With Brooklyn I really feel artistically and personally I have found my home. This is where I belong. I think it’s a romantic place. With my movie The Baxter, I used that phrase – the Baxter – to describe the wrong guy. The guy who doesn’t get the girl. In every romantic comedy there is this dashing leading man and there is this nerdy guy who doesn’t get the girl – the Baxter. In a way Brooklyn is the nerdy guy and Manhattan is the dashing leading man. Brooklyn is the less obvious choice and the road less traveled but it’s sort of like if you take the time to really look at it you realize that it has more depth even though it doesn’t beg for attention. I also think creatively I have found a muse. It’s in my mind. Everything for me is always set in Brooklyn. I’m working on another romantic comedy right now, set in Brooklyn, set in the winter, and I want to show all those ridiculous Christmas light displays. Which, to me, is so uniquely Brooklyn. It’s these cement concrete houses with these crazy displays on Halloween and Easter that are hilarious and very beautiful and charming at the same time.

I also love the communal aspect of Brooklyn – when I came here I could immediately pick up on the fact that there were not a lot of transients – by that I don’t mean homeless people – but the fact that you were looking at the people who lived here. When you would walk down the street you would see the people who actually lived here unlike the East Village or the Upper West Side in Manhattan where you don’t know who you are looking at – whether it’s a neighbor or a tourist or someone from another state.”
Photographed in his home in Boerum Hill.
Little Brooklyn
Burlesque Dancer, 31
“Brooklyn is special because it houses me. I’ve been here my whole life. I grew up here with all different types of friends, surrounded by all different types of experiences. It’s a place for all people—a place that opened its gates to everyone.”
Photographed in Coney Island.
Garrett Oliver
Brewmaster at the Brooklyn Brewery, 42
“Brooklyn is very much a place of villages. People here don’t go to supermarkets—they go to the fish store, the coffee guy, the butcher around the corner. You know them and they know you. It’s a less homogenized life then people think.
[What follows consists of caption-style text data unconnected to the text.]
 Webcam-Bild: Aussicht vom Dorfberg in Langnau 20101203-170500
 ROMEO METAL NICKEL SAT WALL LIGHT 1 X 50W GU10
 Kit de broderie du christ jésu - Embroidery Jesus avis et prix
Around the turn of the century, Brooklyn had 48 working breweries. Not many people know that. This place was one of the brewing capitals of the world. When I moved here in 1985 there was nothing here to drink. There was Bud, Heineken and the some of the other typical beers. When I started working here I wanted to bring that history and that feeling back to Brooklyn.”
Photographed at the brewery in Williamsburg.
Chance Johnston
Owner of the Boogaloo Bar, 32
“Brooklyn's a diverse place, it's the real New York—it's gritty. I've heard some of the most incredible music here and met some of the coolest people. I used to go out to the Lower East Side and spend my dot-com money at the bars, but now I own a bar. I'm a small business owner on a dirty block in Willamsburg. We're the only ones who have an address on our door, so the city is always fining me and sending me to court for the garbage on the block, because there's no other person to give a ticket to.”
Photographed on the roof of his bar in Williamsburg.
Pete Miser
MC, 34
“Manhattan is the commercial center of N.Y. Brooklyn is the bedroom of Manhattan. Brooklyn can be cosmopolitan and worldly, but at the same time you have the quiet, family thing here as well.
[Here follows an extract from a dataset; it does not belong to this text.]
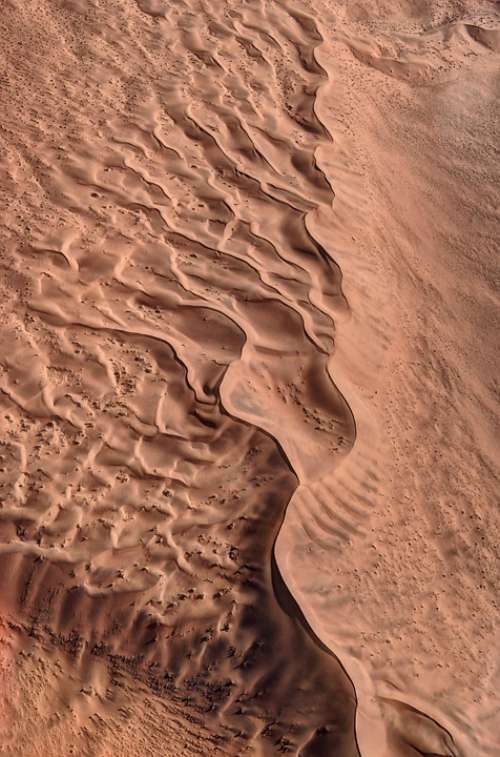 Namibia Africa Nature Sand Desert Landscape Dunes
As a musician, people here expect an artist to have their own identity. Brooklyn pushes you to take things further and take your music or art further. I love that.”
Photographed in Greenpoint.
Ken Taylor
Vice President and Director of Operations Greenwood Cemetery, 54
“I grew up in Brooklyn a few blocks from the cemetery. When we were kids we used to play in here. Back in those days we would slide through the fence and sit inside.

I’ve been working here 38 years. I started as a high school kid cutting grass. Basically I oversee the entire operation, set policies, negotiate contracts, and make sure everything runs smoothly here. I actually live on the cemetery grounds in a house that was built in 1876. It’s not weird to me but it’s weird to friends and acquaintances. And you have a hell of a time getting a pizza delivered to my house. If I call for pizza or Chinese and tell them the address, they say ‘Okay, yeah sure.’ We still actually maintain two other residences on the property.
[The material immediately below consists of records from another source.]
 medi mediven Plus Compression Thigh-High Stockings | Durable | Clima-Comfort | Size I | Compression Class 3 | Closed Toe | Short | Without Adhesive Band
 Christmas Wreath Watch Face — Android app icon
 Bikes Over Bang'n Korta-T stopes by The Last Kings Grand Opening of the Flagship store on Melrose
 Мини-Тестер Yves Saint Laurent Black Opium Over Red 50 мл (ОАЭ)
The cemetery was first created in 1838. The first burial was in 1840. Since then it has become the place to be buried. Even more than that, during the 1800’s this was the second most popular tourist attraction in New York State – Niagara Falls being the first. When it was designed and built in 1838, Greenwood was the first major planned landscape. This was before there were any city parks. Thousands of people would come out here just to tour on a Saturday afternoon. It became so popular that they decided they needed something like this in Manhattan. So Greenwood was the forerunner to Central Park. People came here and still come here from all over the world. Some of the luminaries of the 1800’s are here: Peter Cooper, Samuel Moss, Elias Howe, many inventors. And of course Charlie Ebbets, Peter Tilyou, Leonard Bernstein, Boss Tweed, the list goes on and on.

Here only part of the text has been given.